Algorithmic Approaches to Data-Driven Knowledge Discovery in Bioinformatics
Dr. Vasant Honavar
Associate Professor of Computer Science
Iowa State University
Friday, November 10, 2000
12:10 pm
Room 171 Durham Hall
In this talk, I will give an overview of algorithmic approaches to data-driven knowledge discovery from large biological datasets with emphasis on current research projects in the Artificial Intelligence Research Laboratory at Iowa State University. I will describe the application of this approach to two problems in computational molecular biology: assignment of protein sequences to functional families; and genetic network inference from gene expression data. I will conclude with a brief discussion of some of our related work on an infrastructure for selective information retrieval, information fusion, and knowledge discovery from large, dynamic, distributed, autonomous biological data sources.
Dr. Steven Willson
Complex Adaptive Systems Seminar Series
Using genetic algorithms to help align DNA strings
Dr. Steven Willson
Professor of Mathematics
Iowa State University
Friday, November 10, 2000
1:30 pm
Room 1304 Howe Hall
Abstract Two DNA strings for analogous proteins in different taxa frequently need to be "aligned," so that it becomes clear at which sites substitutions occurred and at what regions insertions or deletions occurred. The standard procedure for aligning strings involves giving a score to each match, each mismatch, each opening of a gap, and each extension of a gap. There is a well-known fairly fast algorithm to find an alignment with an optimal total score using those scoring parameters.
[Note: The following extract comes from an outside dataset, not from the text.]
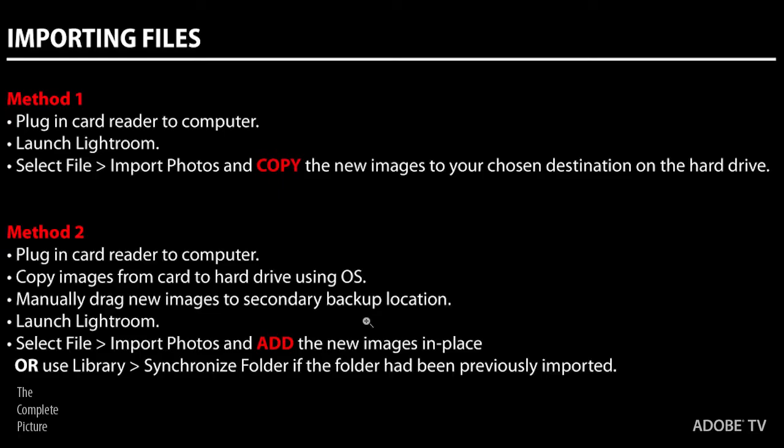So method one: basically a lot of photographers take the card out of their camera, plug it into a card reader, plug the card reader into the computer and they launch Lightroom and they download directly from the card into Lightroom copying the files from the card onto their hard drive. That's method one. It's as easy as that and there is absolutely nothing wrong with that method.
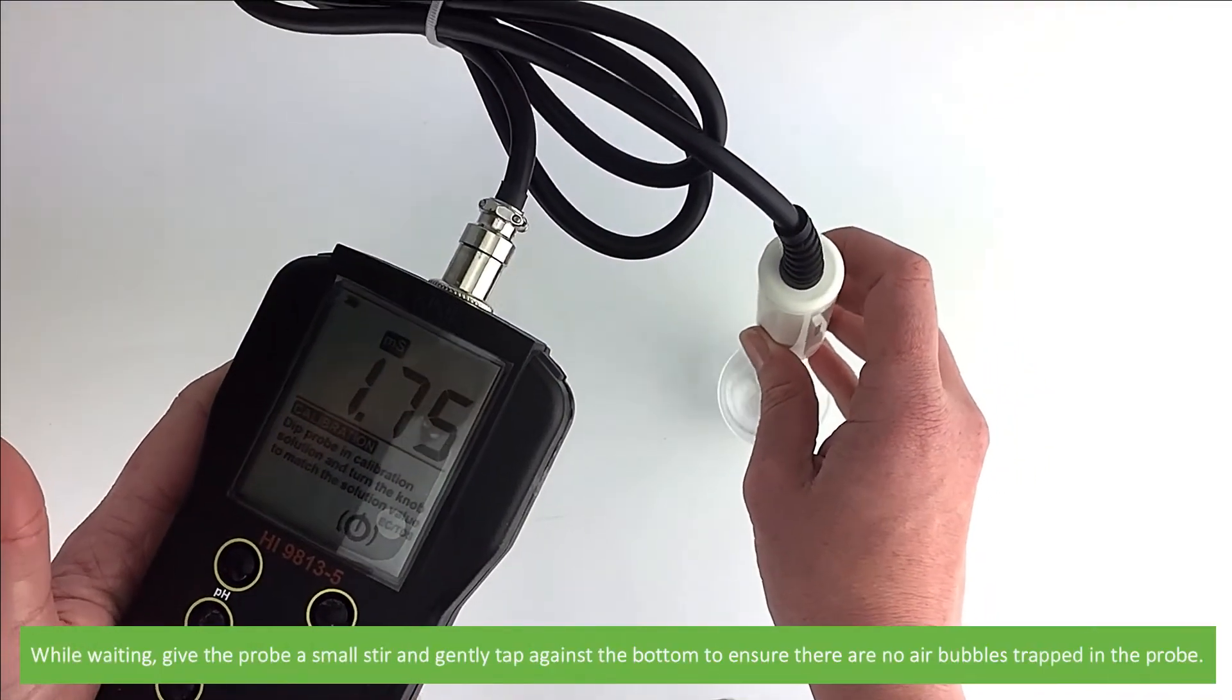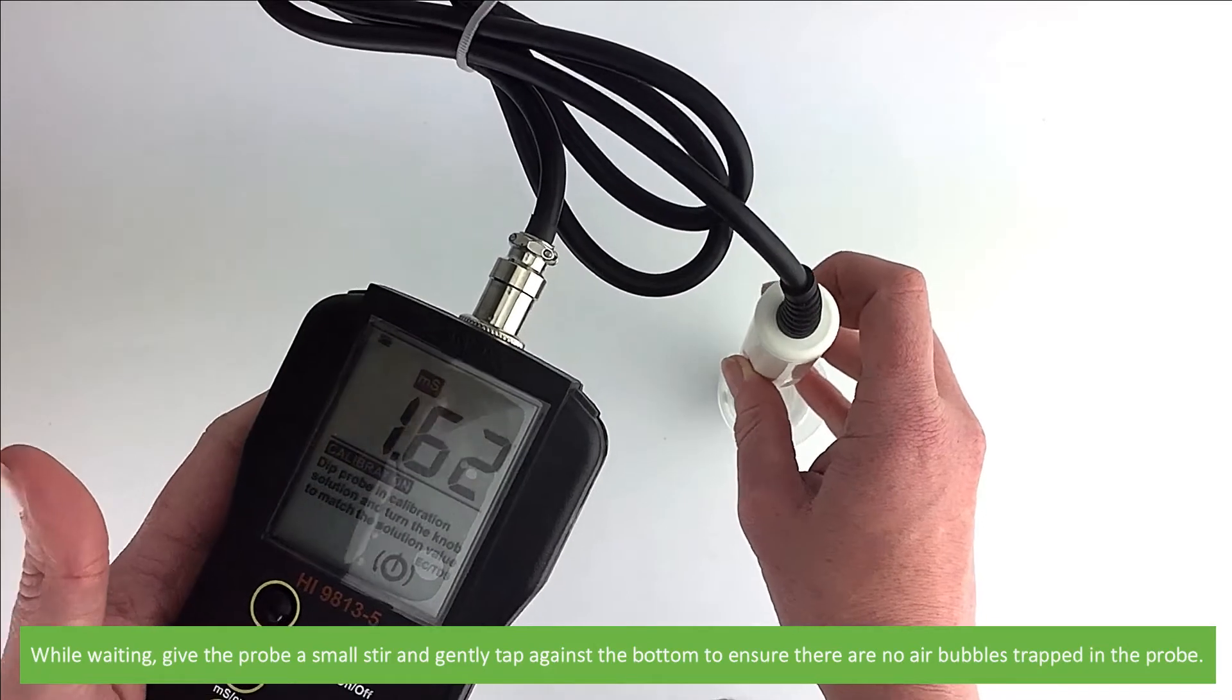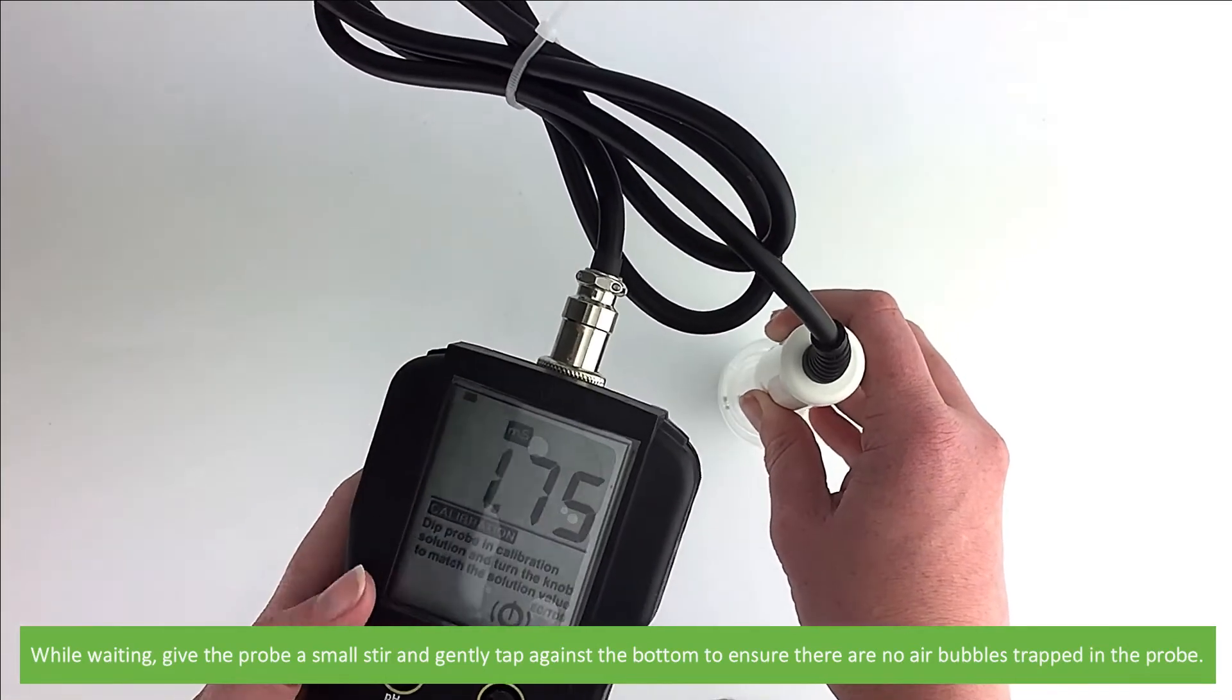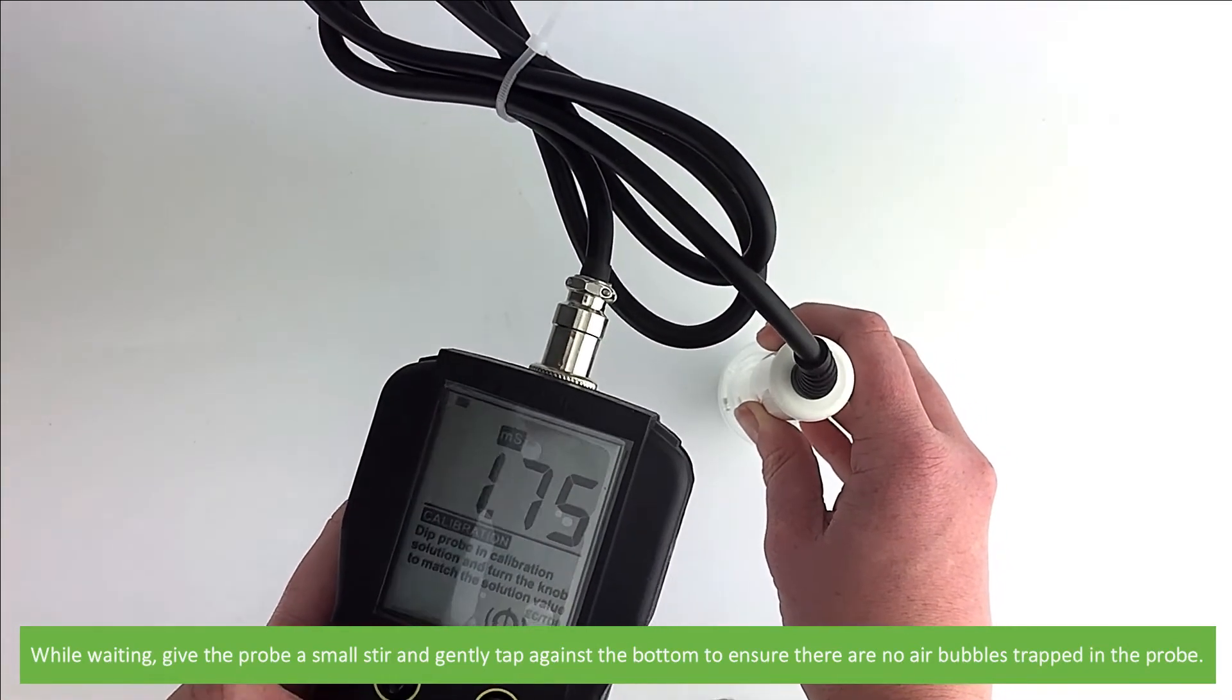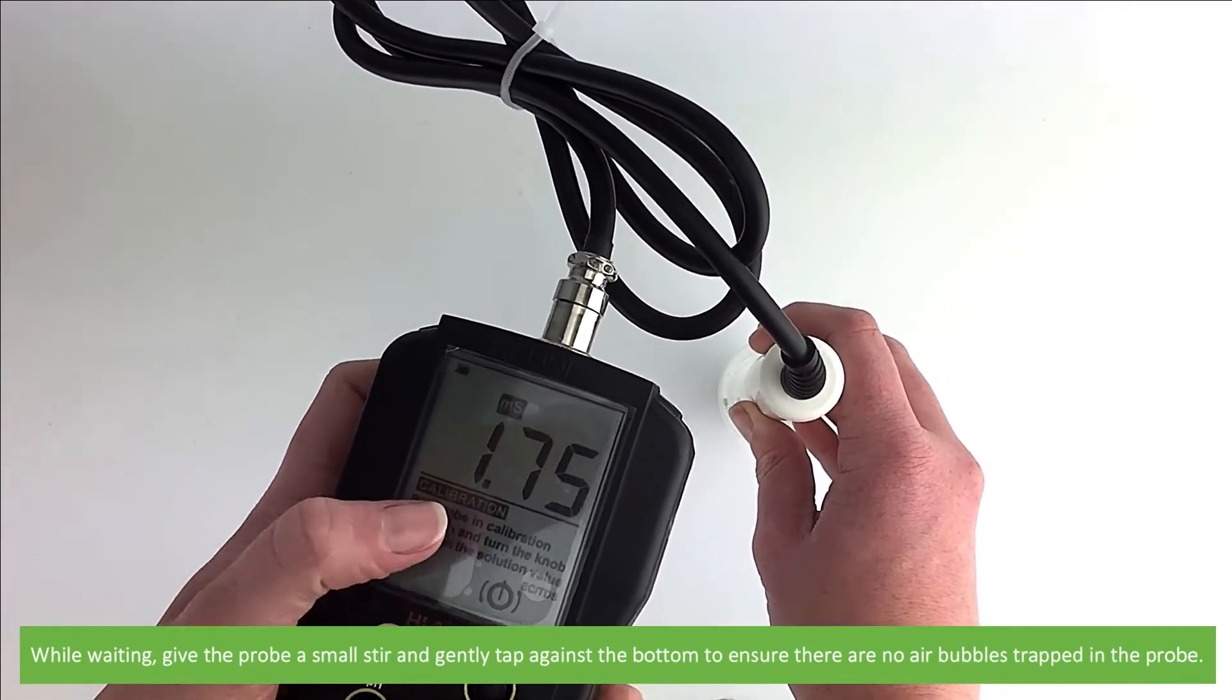While waiting, give the probe a small stir and gently tap against the bottom to ensure that there are no air bubbles trapped in the probe.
We consider different scoring schemes that may have certain numbers of parameters. The choice of the scoring parameters themselves is not easy. We will look at some experiments in which scoring parameters were sought by means of genetic algorithms. We will look at the effects of some different kinds of scoring parameters on a variety of datasets. We may even discuss some methods for alignment that do not depend on scoring parameters. I hope that we will brainstorm about different approaches to the problem.